Y siempre a su lado, en lo bueno y en lo malo, su compañera de vida, Anita. De niños iban al mismo colegio y, tiempo después, coincidieron trabajando en la fábrica Flex, cuando él tenía 15 años. «Primero fui pretendiente, porque entonces las parejas no eran novios hasta que no iban de la mano. Es más, si se pasaban los brazos por encima de los hombros es que había algo raro», cuenta mientras se ríe. En realidad, todo era muy distinto en aquellos años. En aquellos años la vida se retrataba en blanco y negro, los guantes de boxeo se sujetaban a las muñecas con cuerdas y un barco tardaba siete u ocho horas en ir de La Gomera a Santa Cruz de Tenerife. Todo un sufrimiento para alguien que se marea.

Y eso Frías lo sabe muy bien. Cuenta que lo pasó fatal en uno de esos viajes que hizo en 1968, cuando entrenaba en La Gomera para el campeonato de Europa que se iba a celebrar en la plaza de toros de la capital tinerfeña. Hasta entonces, había participado en 141 combates y estaba entusiasmado con afrontar el siguiente. Así que, cuando llegó el momento de competir, embarcó feliz rumbo a Santa Cruz. Desgraciadamente, la travesía resultó horrible. Al pisar tierra se sentía morir. «Fue una estupidez viajar el mismo día de la pelea», dice. Pero lo hizo. Lo hizo y no le quedó otro remedio que enfrentarse a su adversario sin haberse recuperado de los estragos de las olas. En esas condiciones, perdió el combate. Perdió su pelea número 142, la última de su vida. Anita y él habían decidido hacía tiempo que el boxeo se acabaría en cuanto naciera su primer hijo, al que llamaron también Alfonso, «todo un manitas y un gran cocinero», dice con orgullo. Y aquella pelea fue la de la retirada. Bajó del ring y nunca más volvió a subir.

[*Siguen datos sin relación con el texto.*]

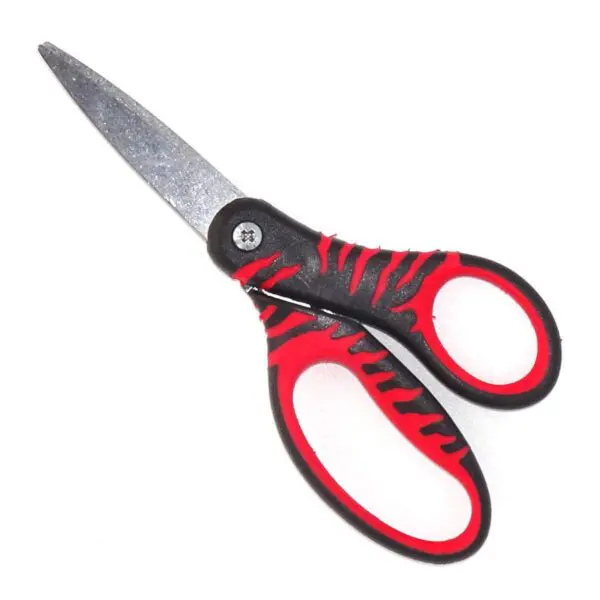 Universalschere Kids von Fiskars (15.5 cm) in rot-schwarz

Alfonso Jorge Frías jugando al dominó en un local social del barrio donde nació, El Cabo. Foto de Sol Rincón Borobia, hecha con Nikon D300S.
Alfonso Jorge Frías jugando al dominó en un local social del barrio donde nació, El Cabo. Foto de Sol Rincón Borobia, hecha con Nikon D300S.

Frías dijo adiós y regresó Alfonso Jorge Frías, de profesión tapicero, como su padre. Montó su propia empresa, Tapizados Ucanca, que resultó un éxito, un negocio próspero. El qué pasó para que hoy tenga que sobrevivir con una pensión no contributiva es una larga historia que no quiere recordar. Prefiere centrarse en sus paseos por la playa de Las Teresitas, sus mañanas con sus hermanos, su ratito en Casa Teo -un bar de culto para boxeadores tinerfeños-, y en el dominó, su actual pasión. «El dominó te ayuda a desarrollar la mente. Tienes que estar muy concentrado y calcular qué tiene el otro», explica. Los sábados, a las cinco y media en punto, todas las asociaciones de dominó de Tenerife comienzan a jugar a la vez. Es un ritual. Las competiciones se hacen cada vez en un lugar diferente y siempre, siempre, terminan con un brindis por los amigos del dominó.

Alfonso ha superado con elegancia los días de boxeo. Los momentos en los que al oler los guantes impregnados del aroma del aceite de masaje se envalentonaba y subía al ring con ganas de noquear al contrincante. Ese olor es para él inconfundible e inspirador. Inolvidable. Y con estos recuerdos siguiéndole como una estela, sonríe de nuevo, se vuelve a poner el reloj, coge la bolsa de pipas que ha comprado y se va a jugar al dominó con su hermano Julián.